Piotr Żyła: "Jestem bardzo rozczarowany"

  • 2014-12-20 19:33

Piotr Żyła nie był po sobotnim konkursie w Engelbergu zbyt rozmowny. Skoczek z Wisły przyznał, że jest zawiedziony i liczył na znacznie lepsze skoki.

- Średnio mam ochotę nawet komentować ten swój występ. W pierwszym skoku w przejściu mnie tam przeciągnęło i potem od razu za progiem brakowało stabilności. W drugiej serii było stabilnie, ale zabrakło dobrego pchania i znowu skręcało mnie nad bulą. Co zrobić, takie są skoki - mówił Piotr Żyła.

- Wiatr nie mieszał za bardzo, wygrali ci, którzy mieli wygrać i oddawali swoje normalne skoki, a tego mi właśnie dziś zabrakło, żebym skakał normalne skoki, nawet niekoniecznie dobre. Aspiracje miałem dużo wyższe przed tym konkursem i jestem szczerze mówiąc bardzo rozczarowany. Teraz jednak trzeba po prostu zapomnieć o tym konkursie, a jutro oddawać normalne skoki i walczyć, tak jak to jeszcze niedawno potrafiłem - dodaje wiślanin.

- To, że jutro pierwszy skok to będą już kwalifikacje nie jest dla mnie problemem. Gdybym był na tyle cienki, żeby nie awansować do konkursu to nie ma po co iść skakać. Trzeba iść i walczyć o to, aby pokazać co się umie. Jeśli oddam swoje skoki to będę usatysfakcjonowany - przyznaje Piotrek.
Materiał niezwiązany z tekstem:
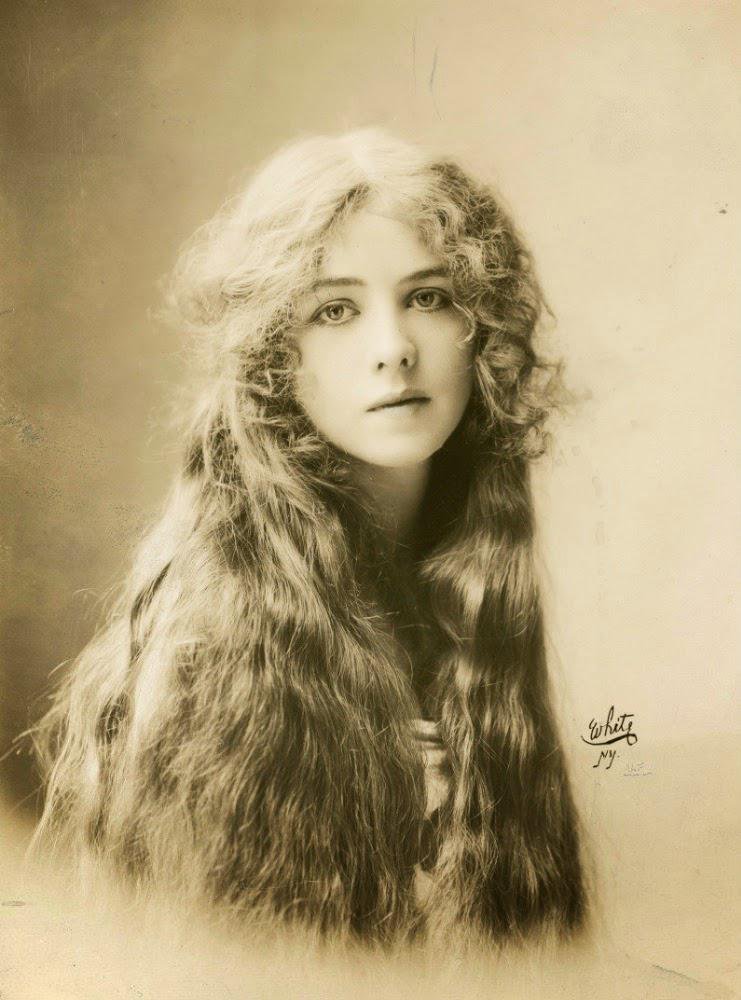 HolisticMoments's tweet photo. Ione Bright, stage actress, 1912. Photograph by Rudolf Eickemeyer, Jr. https://t.co/GMZ54ZlhNZ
- Na pewno dobrze, że trzech Polaków znalazło się w trzydziestce, ale ja to dostałem kopa w tyłek od Grześka Sobczyka. Jest pozytywniej niż chociażby w ostatnim konkursie w Rosji, ale to jeszcze nie jest to, co powinno i mogłoby być. Przydałoby się sprawić sobie jutro prezent świąteczny, ale trzeba skakać te swoje skoki i wtedy można się dopiero cieszyć. Dziś powody do radości miałem tylko z próbnego skoku - zakończył Żyła.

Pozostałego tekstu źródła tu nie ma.